Of course, this is a Hollywood film circa 1997, so for all its craft, Breakdown still plays nice with the audience. There’s an offhanded remark that suggests some nastiness may befall Amy, but the movie’s free of any rough stuff. Mostly it’s riveting in the manner of a Hitchcock film — high praise, indeed.

Too bad it never plumbs the psychological depths of a Hitchcock film, or makes the same terrible sense, but that’s just not part of the game plan. Instead of character development, we get a single barely-drawn character stuck in a vice grip. Next, we watch for a little more than 90 minutes as the screw is tightened and the gas pedal nears the floorboard.
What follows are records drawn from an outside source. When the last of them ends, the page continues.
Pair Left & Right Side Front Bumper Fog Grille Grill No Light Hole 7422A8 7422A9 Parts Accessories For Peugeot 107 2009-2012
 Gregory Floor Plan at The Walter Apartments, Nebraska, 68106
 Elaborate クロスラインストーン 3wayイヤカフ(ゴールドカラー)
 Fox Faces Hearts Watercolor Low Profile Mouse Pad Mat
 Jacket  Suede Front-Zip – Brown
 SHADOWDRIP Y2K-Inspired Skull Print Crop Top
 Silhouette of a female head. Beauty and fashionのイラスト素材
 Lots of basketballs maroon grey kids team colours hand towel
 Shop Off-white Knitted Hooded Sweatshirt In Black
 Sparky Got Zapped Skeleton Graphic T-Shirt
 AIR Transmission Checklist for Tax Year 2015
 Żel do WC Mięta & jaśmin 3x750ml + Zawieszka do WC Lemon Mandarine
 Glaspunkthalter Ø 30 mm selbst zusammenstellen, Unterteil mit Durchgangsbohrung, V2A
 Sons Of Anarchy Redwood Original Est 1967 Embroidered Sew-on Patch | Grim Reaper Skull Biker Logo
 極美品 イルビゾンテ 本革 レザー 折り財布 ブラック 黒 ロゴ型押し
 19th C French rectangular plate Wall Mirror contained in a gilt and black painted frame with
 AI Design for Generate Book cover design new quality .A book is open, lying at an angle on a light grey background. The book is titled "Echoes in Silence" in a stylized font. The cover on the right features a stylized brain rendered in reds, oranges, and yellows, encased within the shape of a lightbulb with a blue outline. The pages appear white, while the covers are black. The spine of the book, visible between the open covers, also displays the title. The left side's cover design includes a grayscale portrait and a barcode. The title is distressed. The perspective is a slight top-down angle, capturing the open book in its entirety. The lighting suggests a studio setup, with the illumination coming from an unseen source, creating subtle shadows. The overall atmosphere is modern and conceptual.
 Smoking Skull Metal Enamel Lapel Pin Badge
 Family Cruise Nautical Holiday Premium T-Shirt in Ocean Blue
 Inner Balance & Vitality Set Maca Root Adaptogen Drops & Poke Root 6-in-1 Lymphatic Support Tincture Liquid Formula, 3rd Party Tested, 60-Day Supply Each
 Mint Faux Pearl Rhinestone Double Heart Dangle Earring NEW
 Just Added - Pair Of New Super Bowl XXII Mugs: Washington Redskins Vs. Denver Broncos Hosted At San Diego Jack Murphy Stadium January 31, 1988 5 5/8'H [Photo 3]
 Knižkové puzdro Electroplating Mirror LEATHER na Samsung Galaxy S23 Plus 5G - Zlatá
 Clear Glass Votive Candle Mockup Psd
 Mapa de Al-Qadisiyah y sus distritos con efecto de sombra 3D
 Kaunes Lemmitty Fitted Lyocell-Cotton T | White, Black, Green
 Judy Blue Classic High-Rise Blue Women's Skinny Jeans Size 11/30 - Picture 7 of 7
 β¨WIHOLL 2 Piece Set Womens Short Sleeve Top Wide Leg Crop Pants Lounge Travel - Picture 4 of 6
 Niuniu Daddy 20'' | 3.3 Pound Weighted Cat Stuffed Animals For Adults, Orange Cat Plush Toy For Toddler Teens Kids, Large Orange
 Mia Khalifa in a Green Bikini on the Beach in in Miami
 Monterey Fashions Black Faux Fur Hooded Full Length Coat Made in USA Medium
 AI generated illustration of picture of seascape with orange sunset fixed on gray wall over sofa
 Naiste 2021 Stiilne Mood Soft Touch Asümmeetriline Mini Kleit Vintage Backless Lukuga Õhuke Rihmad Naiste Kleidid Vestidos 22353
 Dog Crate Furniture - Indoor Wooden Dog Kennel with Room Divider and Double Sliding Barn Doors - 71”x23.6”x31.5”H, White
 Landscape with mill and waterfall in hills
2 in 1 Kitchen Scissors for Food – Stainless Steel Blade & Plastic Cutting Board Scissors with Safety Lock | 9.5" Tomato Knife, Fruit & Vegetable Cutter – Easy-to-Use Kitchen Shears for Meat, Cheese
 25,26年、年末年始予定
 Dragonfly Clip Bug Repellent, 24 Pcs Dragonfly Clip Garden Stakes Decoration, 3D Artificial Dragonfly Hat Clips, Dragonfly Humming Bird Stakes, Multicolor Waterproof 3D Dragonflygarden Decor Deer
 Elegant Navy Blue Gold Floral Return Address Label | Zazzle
Only in one scene, as Jeff visits a small-town bank, does Breakdown waste its time. Elsewhere, pulse-pounding set pieces follow on the heels of plot twists, transformed characters, and other novel ideas. Some of the best come near the climax, when Jeff turns the tables by invading someone else’s privacy. In particular, the homestead where some of this action is staged reminded me oddly of another scary movie about American opportunists called The Texas Chain Saw Massacre.

Which brings me back to movies that scare me, and how they manage it. In its own way, Breakdown is a direct descendant of the horror movie. Like Texas Chain Saw, Breakdown postulates the existence of a frightening sort of down-home subculture that subsists by feeding on the meat of hapless travelers. It shares with some of the more interesting modern horror films (Bernard Rose’s Candyman, Wes Craven’s The People Under the Stairs) a subtext about class differences, and the resentment that brews in the lower class when the better off breeze through their lives. Money — how much things cost, how much you’ve got in the bank — is an undercurrent. And even more shamelessly than those scary movies, Breakdown taps the timeliest fears of our era, gleefully and perhaps cynically demonstrating what happens when we find out that our $30,000 sport utility vehicle isn’t enough to protect us from all the elements.